Unsere Zeit ( Our Time )

A brightly lit gas station occupies the entire stage, and every detail of the gas station is a one-to-one replica of the one in real life, from chewing gum and potato chips to several different Marlboro cigarettes. In the huge glass walls is the manager of the gas station giving training to the new employee, and the everyday conversations of three people develop into a huge interlocking web of relationships over the next six hours.

© Birgit Hupfeld

 

A successful businesswoman and her indisputable husband, an African-American girl who dreams of opening her own barbershop, a resentful DHL dispatcher, a corrupt police officer, a sex worker who wants to feel in control. There are 16 characters in this marathon performance, each with very different lives, but all slowly converging at a late-night gas station on the outskirts of town. None of these characters is the protagonist, but the all their life stories are well organized in the endless conversations about almost every serious social issue facing German and European society today: race, class, politics, economics, refugees.

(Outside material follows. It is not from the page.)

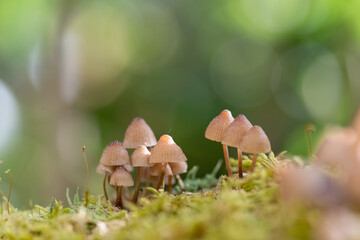 森の中の小さなキノコ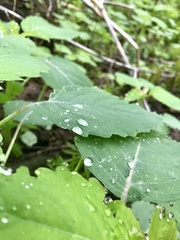 Impatiens pallida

When the huge gas station rotates, it is revealed that the back side of the clean and shiny place is in such a shabby state, with filthy garbage cans, cameras that can be turned off at will by bribing the manager, and warehouses that provide a place for refugees to work illegally. The stage keeps spinning and constantly switching between the two sides of the society.

© Birgit Hupfeld

 

The whole scene spans six years from 2015 to 2021, with 2015 being the beginning of the influx of refugees into Germany, and 2020/21 being the year when all the social problems seem to be covered up under the epidemic, but in reality they are getting worse. One of the most impressive characters in the entire play is a courier who is resentful of society. After losing his job, the gay man slowly joins a right-wing group, and his resentment is amplified under pressure from many sides, eventually shooting the black woman who was adopted by a German family as a child in a gas station.

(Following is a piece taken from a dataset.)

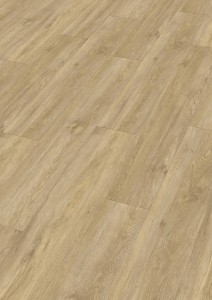 Meister Rigid DD 155 – 20195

In Simon Stone’s version, he gives everyone ample opportunity to express themselves. Although the audience applauded the impassioned speech about how someone would never feel part of Germany because of her dark skin, the anger of the “disenfranchised white man” surfaced at the same time, and in a time of cancel culture, giving these people a chance to speak out has became a taboo in theater. Stone argued that the extreme rhetoric of white men who desperately wanted to share their views of the world still deserves a larger share of the play, because as theater maker, the voices from the margins of society should be at the center of the play. Even though it is difficult to define which side is the “voice from the margins,” the absence of people like Stone in the theater who dare to break the taboos is a bigger problem.

© Birgit Hupfeld

 

One of the very best things about this play is that the complex relationships between the characters are presented to the audience little by little, and the characters’ personalities are slowly built up in the ordinary dialogue. But this also brings the shortcoming of the play, three acts of play each one and a half hours is way too long. And in the last act when everyone starts doing their “summary” feels like a TV show in the last season trying to tie all the knots in the previous seasons.